§ INFORMATION PROVIDED:
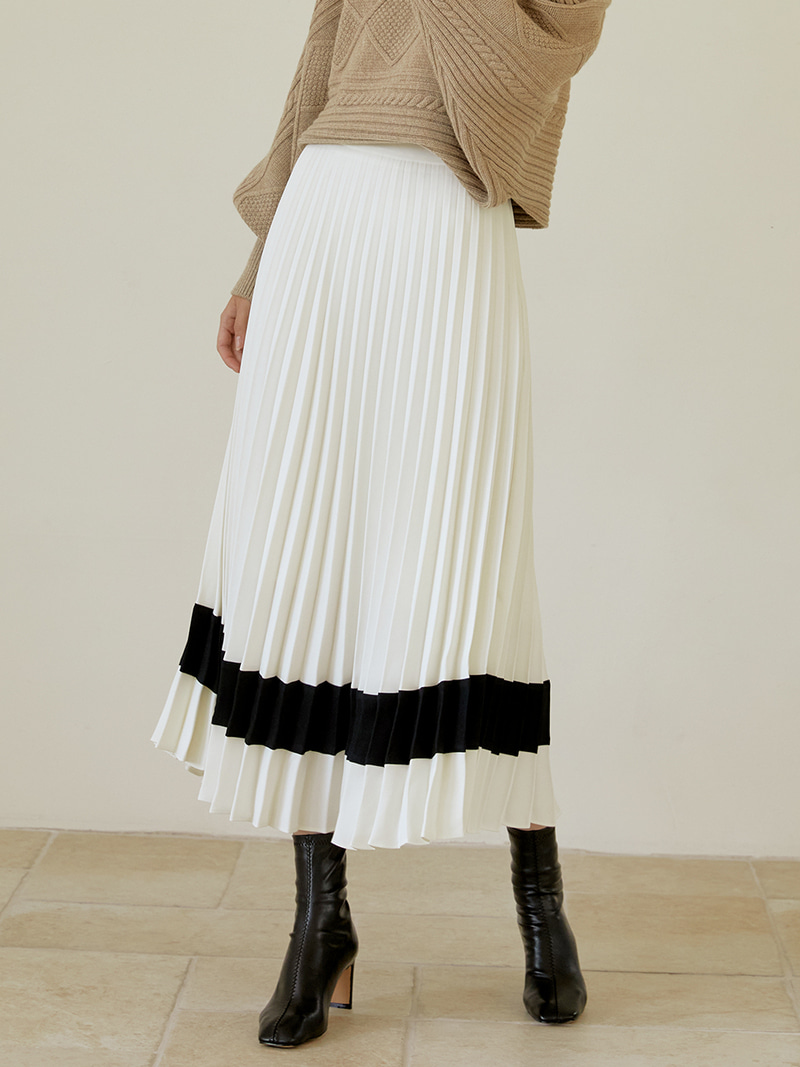 Line point pleats long skirt (ivory)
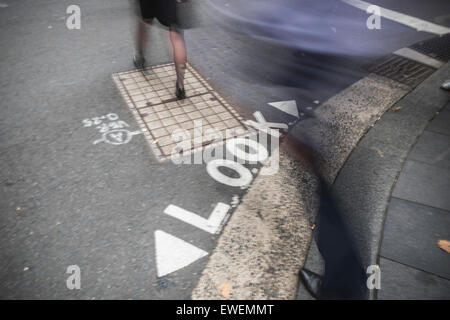 Fußgängerüberweg Straße Beine in Bewegung mit einem Blick anmelden Gound in Sydney Australia Stockfoto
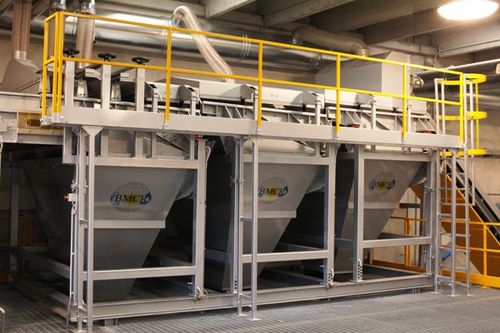 Trockensiebungs-Siebmaschine - BMCR SRL - für Recyclingprodukte / Vibration / für Schüttgut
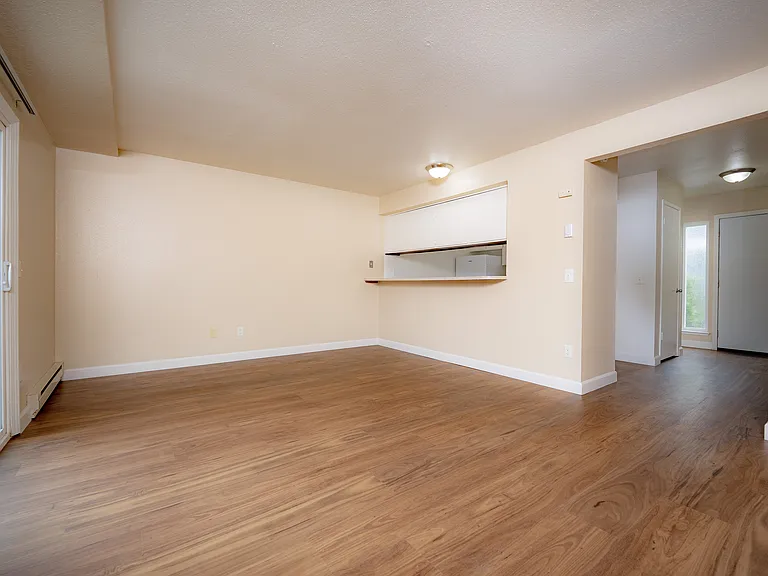 214 Cypress #3 living2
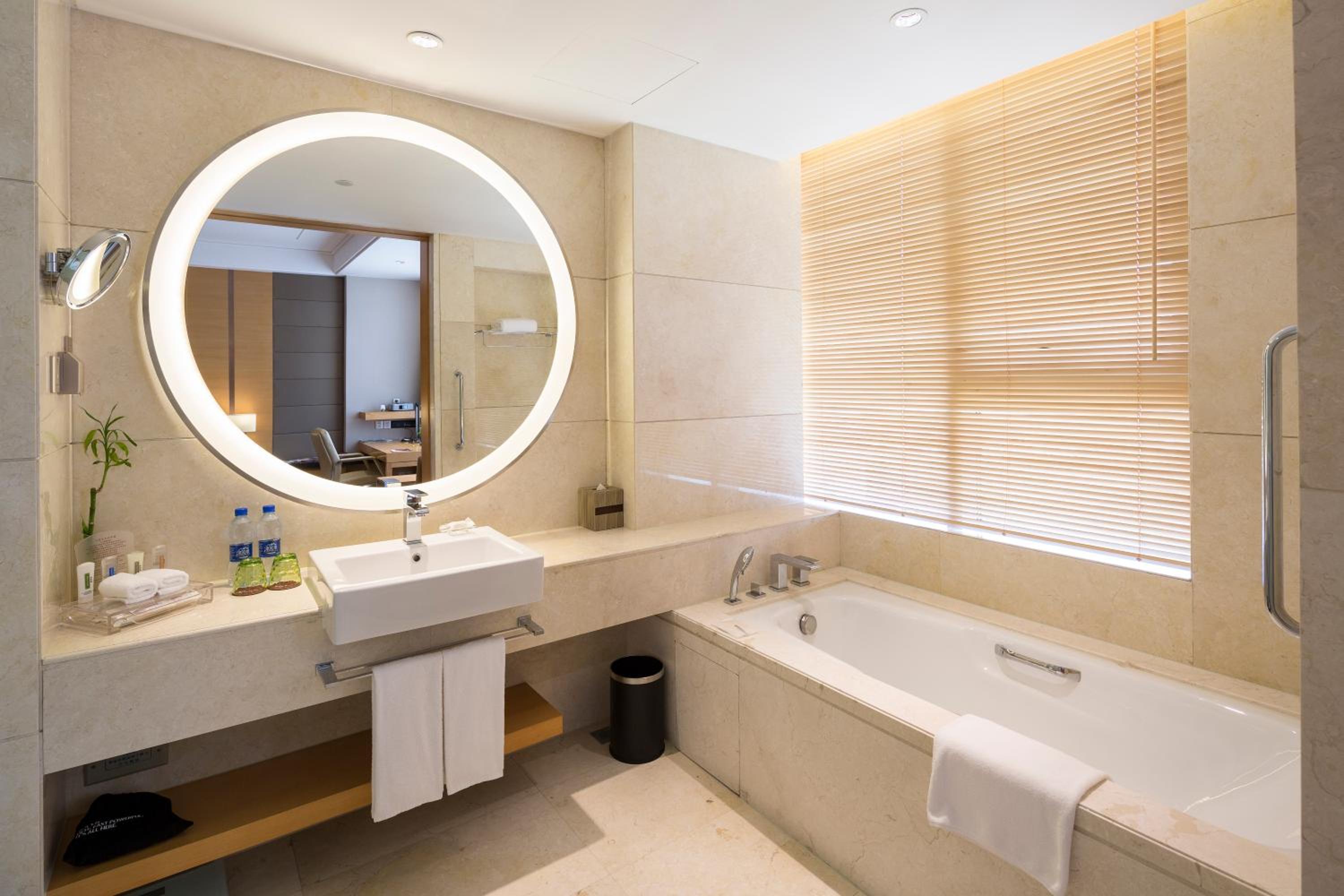 Jiading Vacations - Crowne Plaza Shanghai Anting-Auto City - Property Image 7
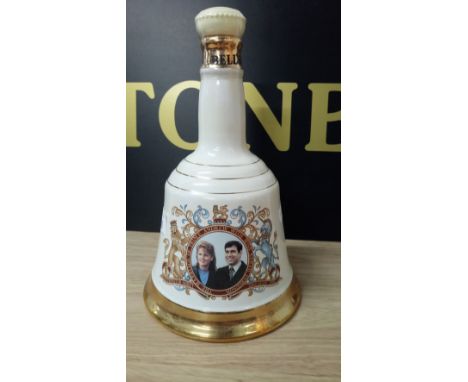 BELLS WHISKEY DECANTER ' ANDREW & SARAH ' 1986 (FULL)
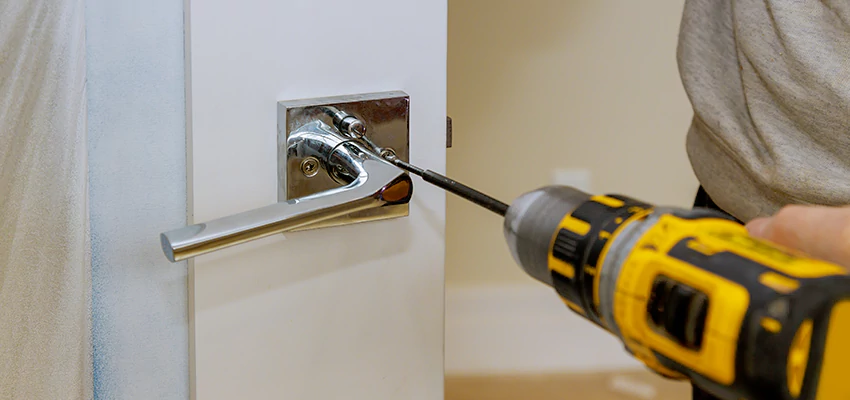 After-hours Locksmith  For Lock Troubleshooting in Rosamond, California
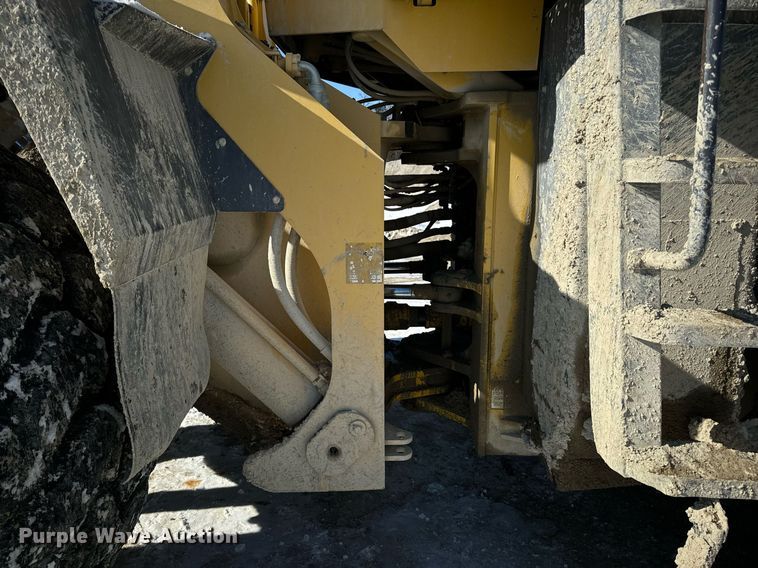 image for item EN5025 2000 Komatsu WA600-3L wheel loader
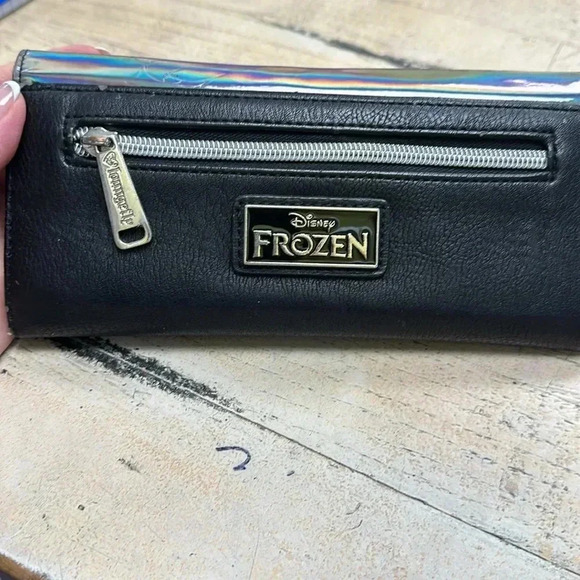 Loungefly Disney Frozen Elsa Iridescent Snowflake Trifold Wallet - Picture 4 of 6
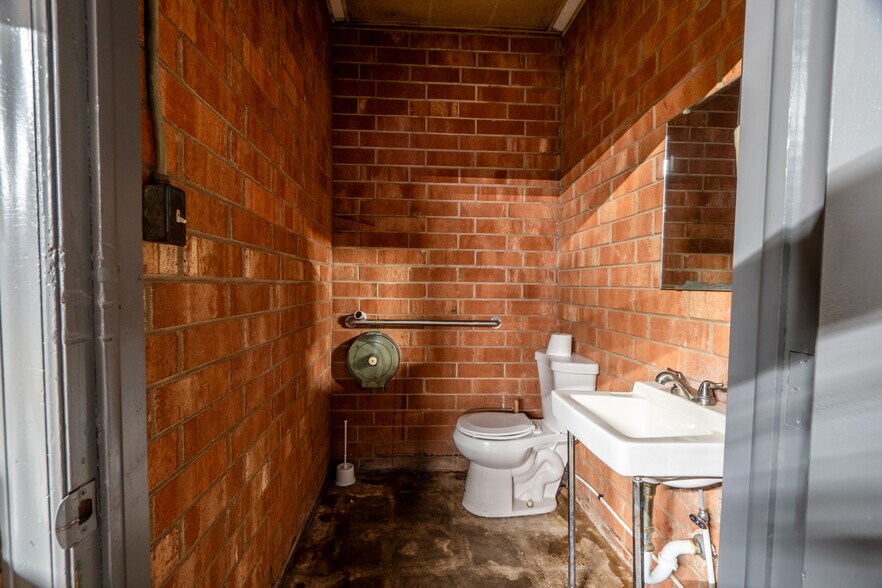 More Photos Of 611 Huffine Mill Rd, Greensboro Freestanding For Sale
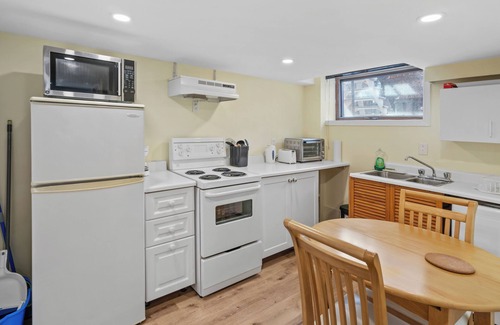 Parc Molson Apartment | Very well located apartment. Ideal for a long s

§ WORK TASK: Each line from the one that holds "BELLS WHISKEY DECANTER" through the end of the material should be repeated exactly, and nothing more. Leave out any picture.

§ EXERCISE ANSWER:
 BELLS WHISKEY DECANTER ' ANDREW & SARAH ' 1986 (FULL)
 After-hours Locksmith  For Lock Troubleshooting in Rosamond, California
 image for item EN5025 2000 Komatsu WA600-3L wheel loader
 Loungefly Disney Frozen Elsa Iridescent Snowflake Trifold Wallet - Picture 4 of 6
 More Photos Of 611 Huffine Mill Rd, Greensboro Freestanding For Sale
 Parc Molson Apartment | Very well located apartment. Ideal for a long s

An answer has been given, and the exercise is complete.